Sure, and I'd call that bad code unless it exists because there are far more
considerations than sales tax. Either way I don't see how that is an example
of when to or not to leave a comment.

>Sure, the functionality to find that SalesTax number might take tens of
thousands of hours to create and cover a multitude of egde cases. Still with
proper context, structure, naming conventions, etc the why’s should be clear.

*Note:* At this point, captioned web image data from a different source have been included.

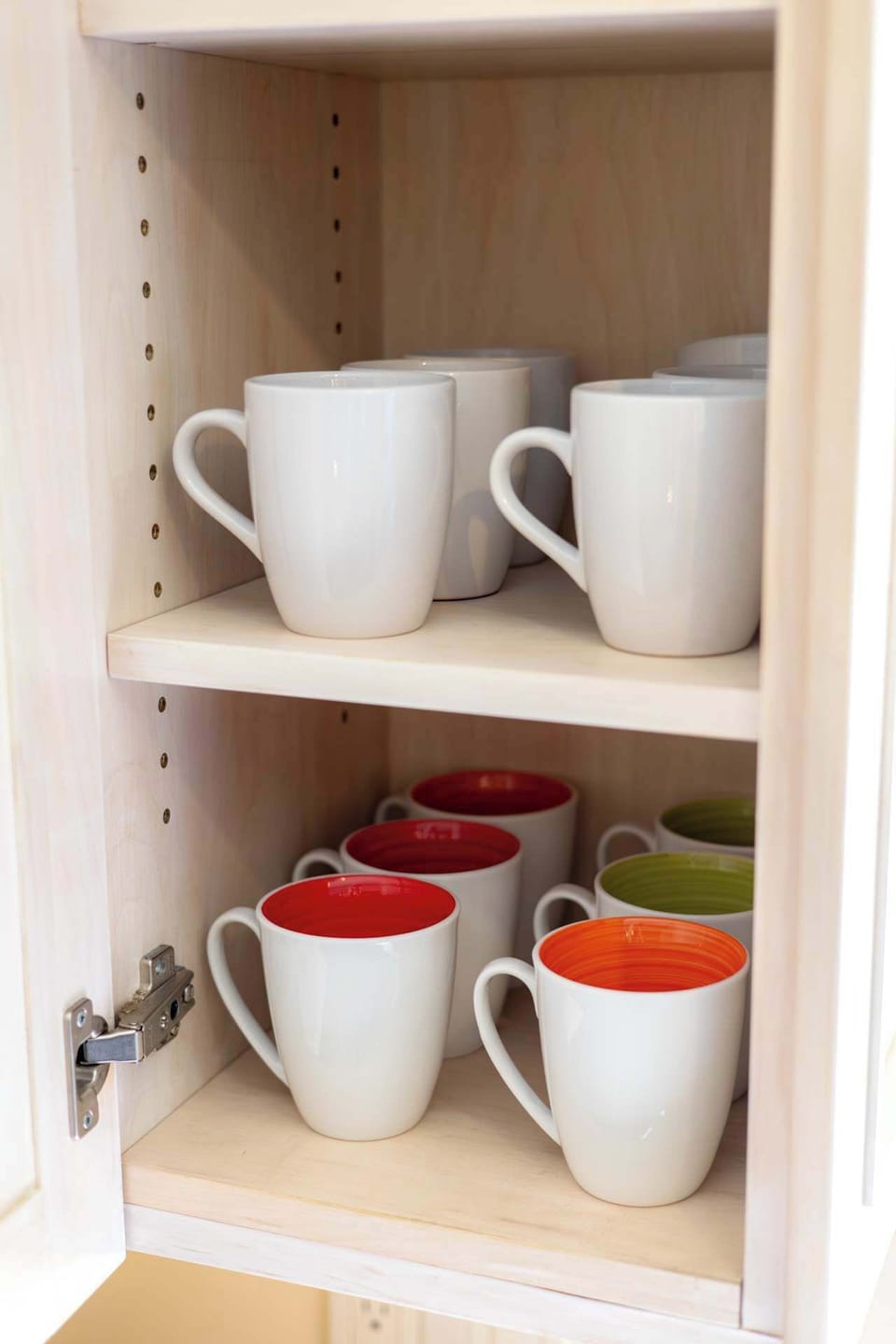 Open shelving with mugs and kitchen essentials, adding convenience for coffee and tea lovers.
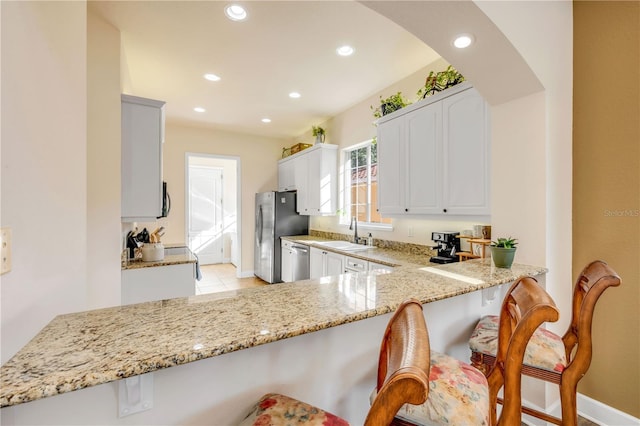 3145 Connemara Dr, Ormond Beach, FL 32174 - kitchen with appliances with stainless steel finishes, a breakfast bar area, light stone counters, and recessed lighting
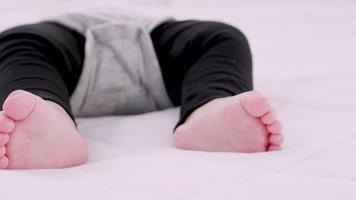 närbild porträtt av baby fötter och en sova på sängen under dagtid, panorera vy video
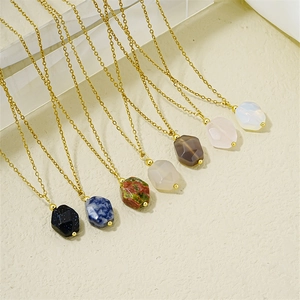 Close-up of seven colorful natural stone pendants on gold chains over a beige background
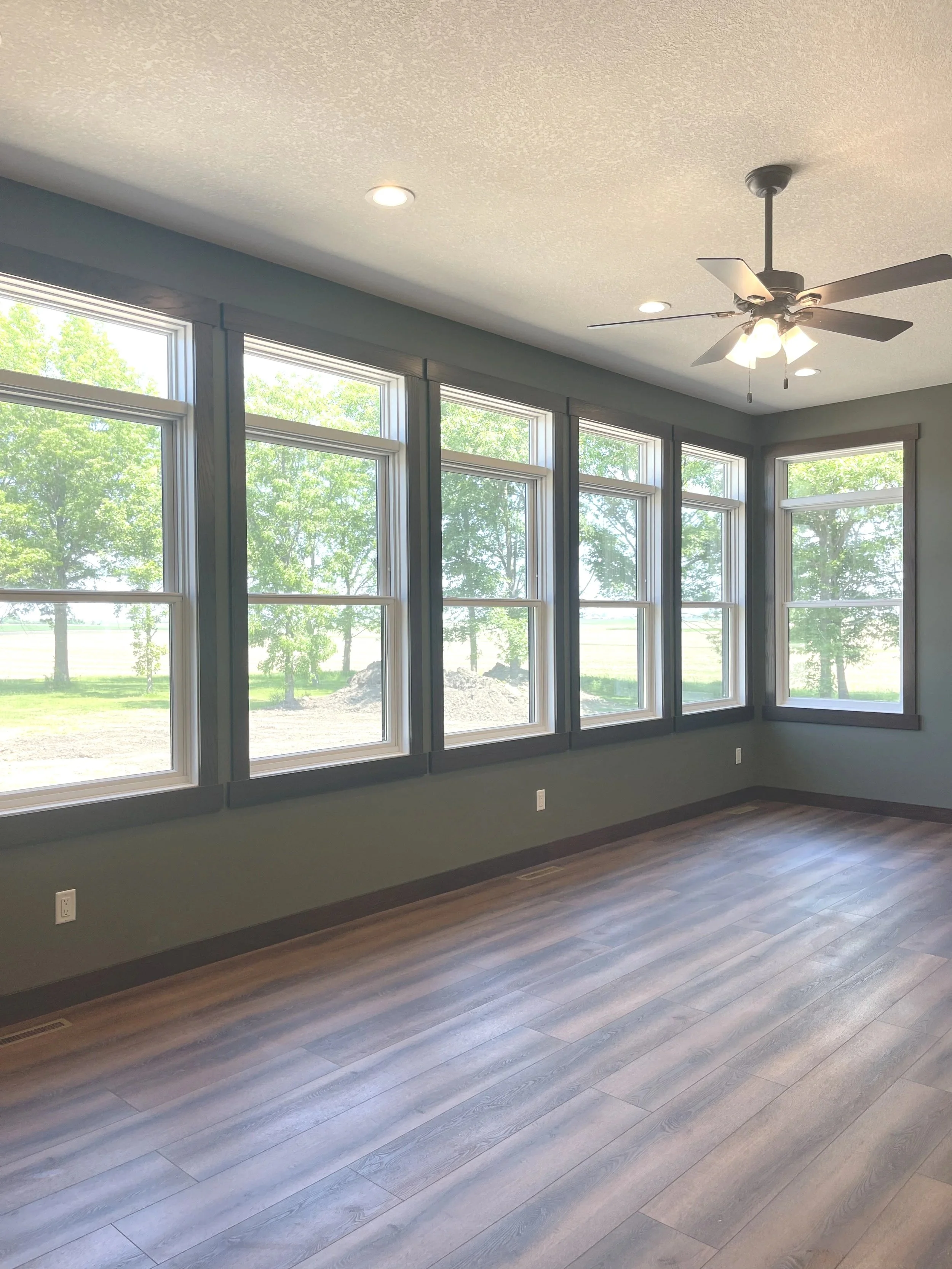 Empty room with large windows, ceiling fan, hardwood floors, and view of green trees outside.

Again, that's just not true. I have a hard time imaging that you're a
professional engineer with real world experience if you've never found
yourself in a situation where variable names alone could not express the _why_
behind a piece of code.

>Elegant code is elegant when it encapsulates the why’s not just the how’s

Great, not always possible. For example:

    
    
      // We have a longer than normal backoff period on
      // timeouts here because device XYZ is a piece of junk
      // and randonly stops responding for minutes at a time
    

or

    
    
      // version 2 of the spec switched to an XML format and
      // allows the header to be anywhere above the root
      // element of the document (as a processing
      // instruction). We cannot define a reasonable min
      // header position/length. Just read the whole file.
      const size_t MinHeaderLength = std::numeric_limits<size_t>::max();
    

or

    
    
      // Workaround issue caused by .NET 4.6.1 upgrade which
      // has more restrictive certificate checks for secure
      // connections. This is currently affecting SignalR
      // Scaleout connections to Azure Service Bus.
      AppContext.SetSwitch("Switch.System.IdentityModel.DisableMultipleDNSEntriesInSANCertificate", true);
    

Of course you could suss out the reasoning on your own eventually, but why
force people to do that? What variable naming scheme would you use to convey
those reasons?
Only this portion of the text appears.